The API recognizes over 80 languages and variants, to support your global user base.
You can transcribe the text of users dictating to an application’s microphone,
enable command-and-control through voice, or transcribe audio files, among many other use cases.
Recognize audio uploaded in the request, and integrate with your audio storage on Google Cloud Storage,
by using the same technology Google uses to power its own products.
}
\section{AudioEncoding}{


Audio encoding of the data sent in the audio message. All encodings support only 1 channel (mono) audio.
Only FLAC and WAV include a header that describes the bytes of audio that follow the header.
The other encodings are raw audio bytes with no header.
For best results, the audio source should be captured and transmitted using a
lossless encoding (FLAC or LINEAR16).
Recognition accuracy may be reduced if lossy codecs, which include the other codecs listed in this section,
are used to capture or transmit the audio, particularly if background noise is present.

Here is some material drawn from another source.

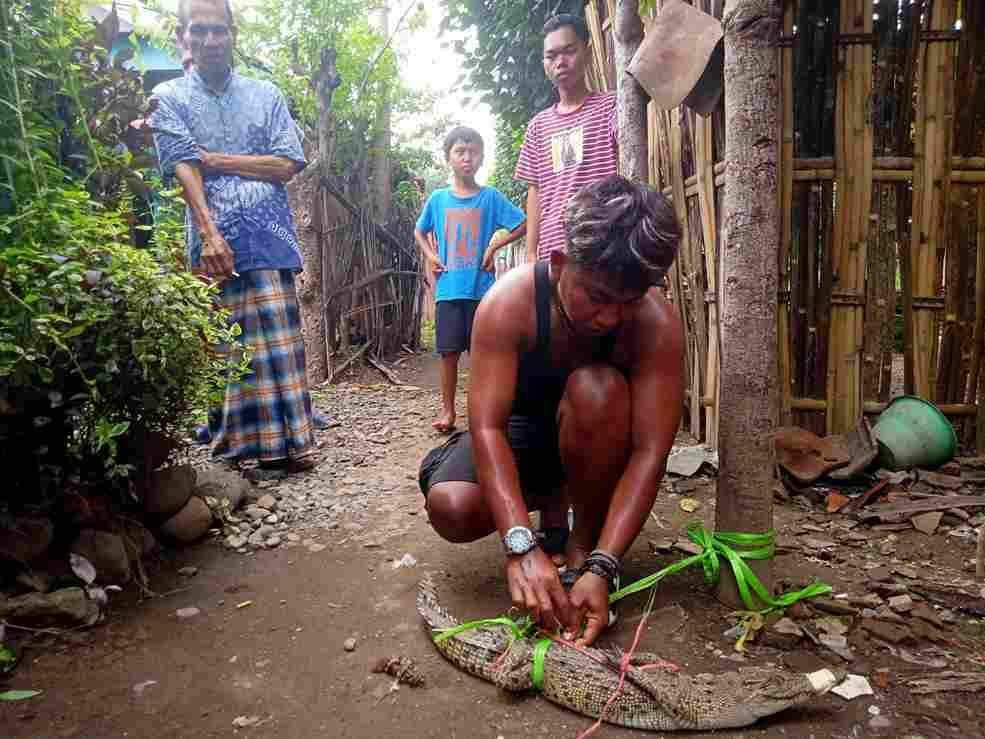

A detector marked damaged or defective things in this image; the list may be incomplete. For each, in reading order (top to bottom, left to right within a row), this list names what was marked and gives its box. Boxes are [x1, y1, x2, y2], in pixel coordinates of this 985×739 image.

broken wood piece [368, 358, 402, 388]
broken wood piece [856, 494, 984, 524]
broken wood piece [904, 672, 984, 696]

Read more on audio encodings here \url{https://cloud.google.com/speech/docs/encoding}
}

\section{WordInfo}{


Use \code{tidyr::unnest()} to extract the word columns if needed.

\code{startTime} - Time offset relative to the beginning of the audio, and corresponding to the start of the spoken word.

\code{endTime} - Time offset relative to the beginning of the audio, and corresponding to the end of the spoken word.

\code{word} - The word corresponding to this set of information.
}

\examples{

\dontrun{

test_audio <- system.file("woman1_wb.wav", package = "googleLanguageR")
result <- gl_speech(test_audio)

result2 <- gl_speech(test_audio, maxAlternatives = 2L)

result_brit <- gl_speech(test_audio, languageCode = "en-GB")

## extract word timestamps
tidyr::unnest(result_brit)

## make an asynchronous API request (mandatory for sound files over 60 seconds)
asynch <- gl_speech(test_audio, asynch = TRUE)

## Send to gl_speech_op() for status or finished result
gl_speech_op(asynch)

}


}
\seealso{
\url{https://cloud.google.com/speech/reference/rest/v1/speech/recognize}
}